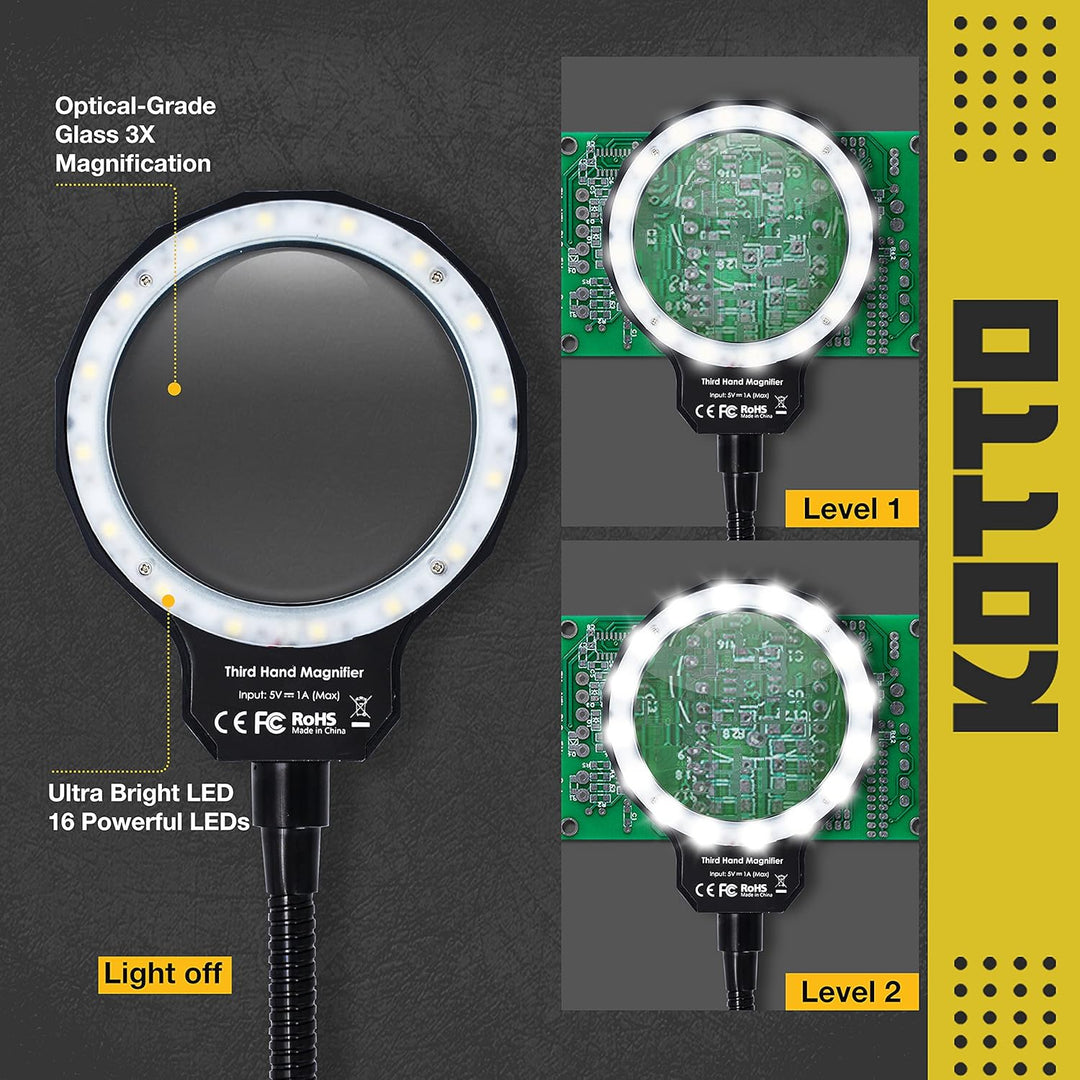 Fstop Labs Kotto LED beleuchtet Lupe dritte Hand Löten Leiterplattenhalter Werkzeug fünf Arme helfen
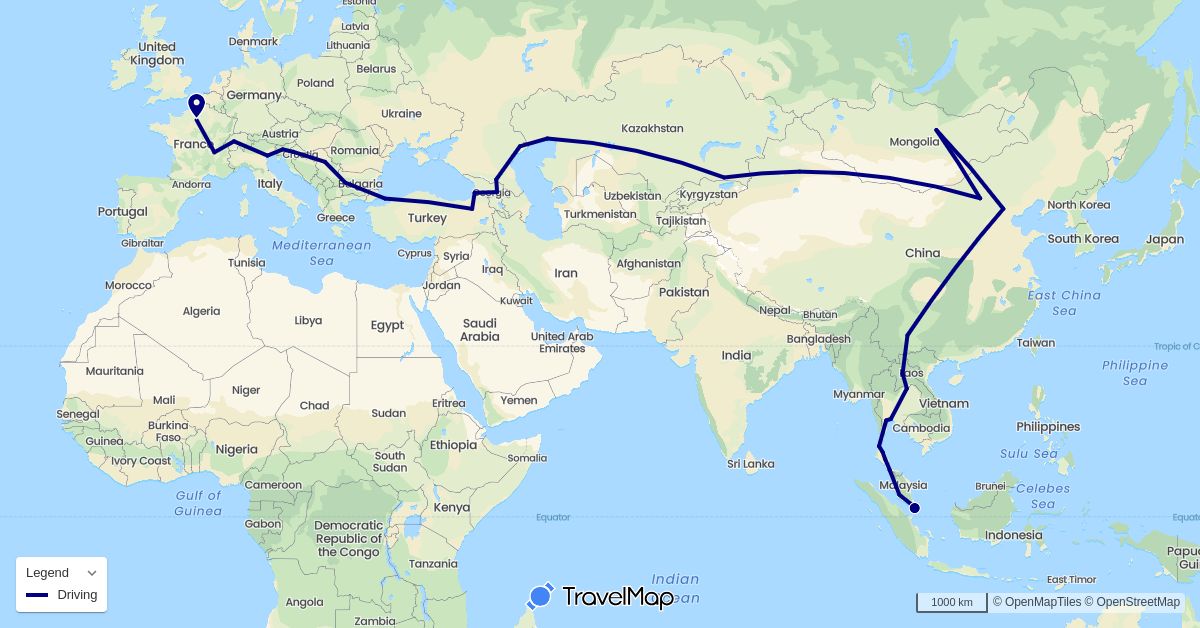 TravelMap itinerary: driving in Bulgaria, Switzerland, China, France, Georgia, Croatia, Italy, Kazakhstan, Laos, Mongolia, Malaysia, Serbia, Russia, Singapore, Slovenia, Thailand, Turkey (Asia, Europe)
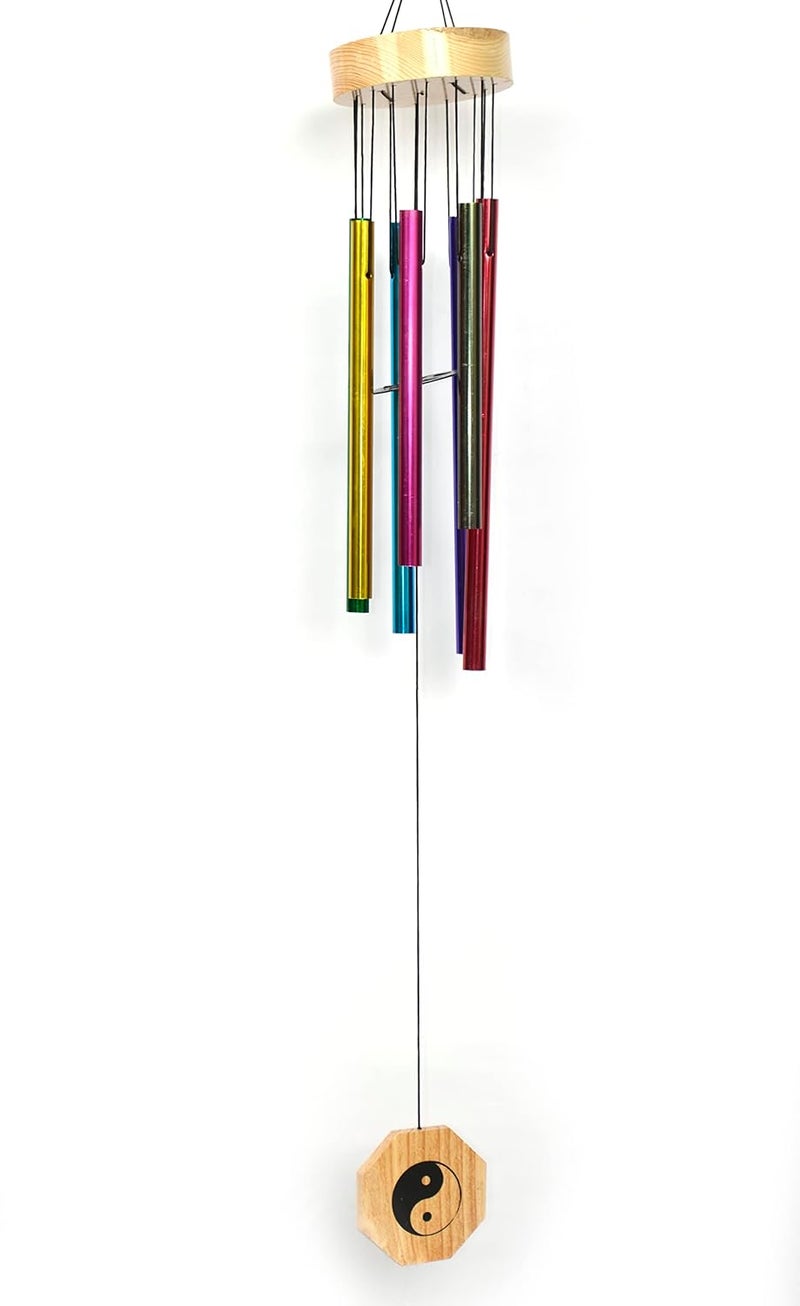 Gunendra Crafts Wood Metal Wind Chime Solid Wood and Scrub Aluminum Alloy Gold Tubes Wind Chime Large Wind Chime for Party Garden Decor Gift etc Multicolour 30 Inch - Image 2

|---|

Only the pictures in the listing above get left out; print everything else exactly.

 Fstop Labs Kotto LED beleuchtet Lupe dritte Hand Löten Leiterplattenhalter Werkzeug fünf Arme helfen
 TravelMap itinerary: driving in Bulgaria, Switzerland, China, France, Georgia, Croatia, Italy, Kazakhstan, Laos, Mongolia, Malaysia, Serbia, Russia, Singapore, Slovenia, Thailand, Turkey (Asia, Europe)
 Gunendra Crafts Wood Metal Wind Chime Solid Wood and Scrub Aluminum Alloy Gold Tubes Wind Chime Large Wind Chime for Party Garden Decor Gift etc Multicolour 30 Inch - Image 2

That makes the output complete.